KEWAJIBAN AHLI WARIS DI LUAR TAJHIS
azahri.com ~ Apabila ada muslim yang wafat, maka kewajiban muslim yang
lain adalah melakukan tajhis janazah (merawat jenazah). Kewajiban merawat
janazah itu hukumnya fardhu (wajib) kifayah,
artinya kewajiban itu cukup dikerjakan
oleh kelompok masyarakat. Apabila tidak ada yang merawat jenazah, maka seluruh
masyarakat muslim akan mendapat dosa. Sedang bagi yang mengerjakannya akan
mendapatkan kebaikan dan pahala dihadapan Allah Swt.
Merawat jenazah sebaiknya segera dilakukan, tidak perlu
menunggu terkumpulnya semua keluarga (ahli waris).

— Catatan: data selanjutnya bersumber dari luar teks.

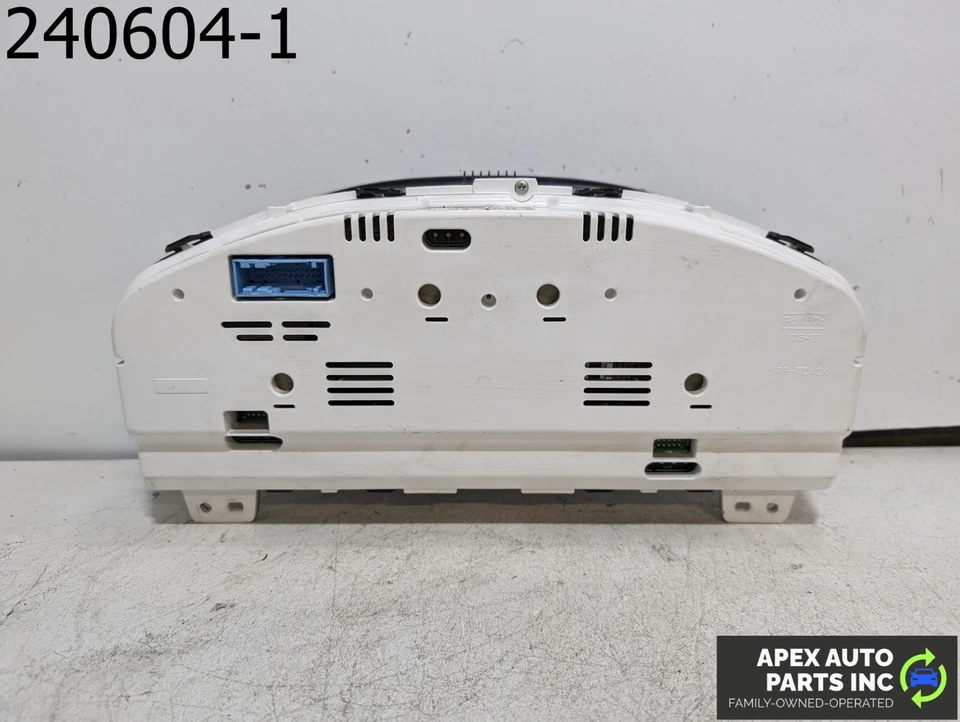 Cuadro de instrumentos velocímetro Mercury Milan 2006 fabricante de equipos originales B02B41031 Foto 4 de 4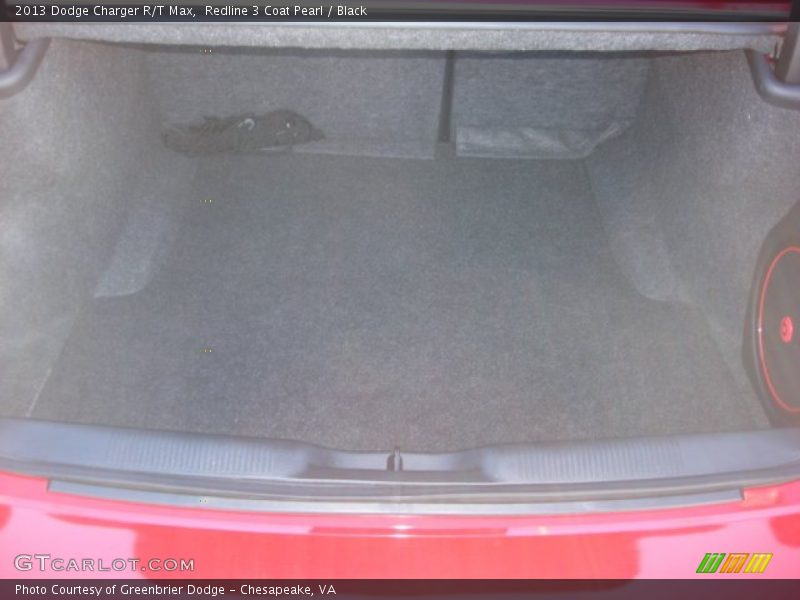 Redline 3 Coat Pearl / Black 2013 Dodge Charger R/T Max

Tajhis
janazah meliputi empat tindakan: memandikan, mengkafani, menshalatkan dan mengubur.
Setiap proses memiliki kaifiah dan hai’ah (teknis operasional) tersendiri dan secara detail telah dibahas panjang
lebar dalam kitab fikih bab merawaj janazah.
Kewajiban lain, selain tajhis, yang dibebankan kepada keluarga,
khususnya ahli waris dan terkadang terlupakan antara lain:
1. Menunaikan Wasiat dan Membayar Hutangnya.
…مِنْ
بَعْدِ وَصِيَّةٍ يُوصِي بِهَا أَوْ دَيْنٍ…
(Pembagian-pembagian tersebut di
atas) sesudah dipenuhi wasiat yang ia buat atau (dan) sesudah dibayar
hutangnya. (An Nisa’ 11)
أَنَا أَوْلَى بِالْمُؤْمِنِينَ
مِنْ أَنْفُسِهِمْ فَمَنْ تُوُفِّىَ وَعَلَيْهِ دَيْنٌ فَعَلَىَّ قَضَاؤُهُ وَمَنْ
تَرَكَ مَالاً فَهُوَ لِوَرَثَتِهِ
“Aku
lebih pantas bagi orang-orang beriman dari diri mereka sendiri. Barangsiapa
yang mati, namun masih meninggalkan utang, maka aku lah yang akan melunasinya.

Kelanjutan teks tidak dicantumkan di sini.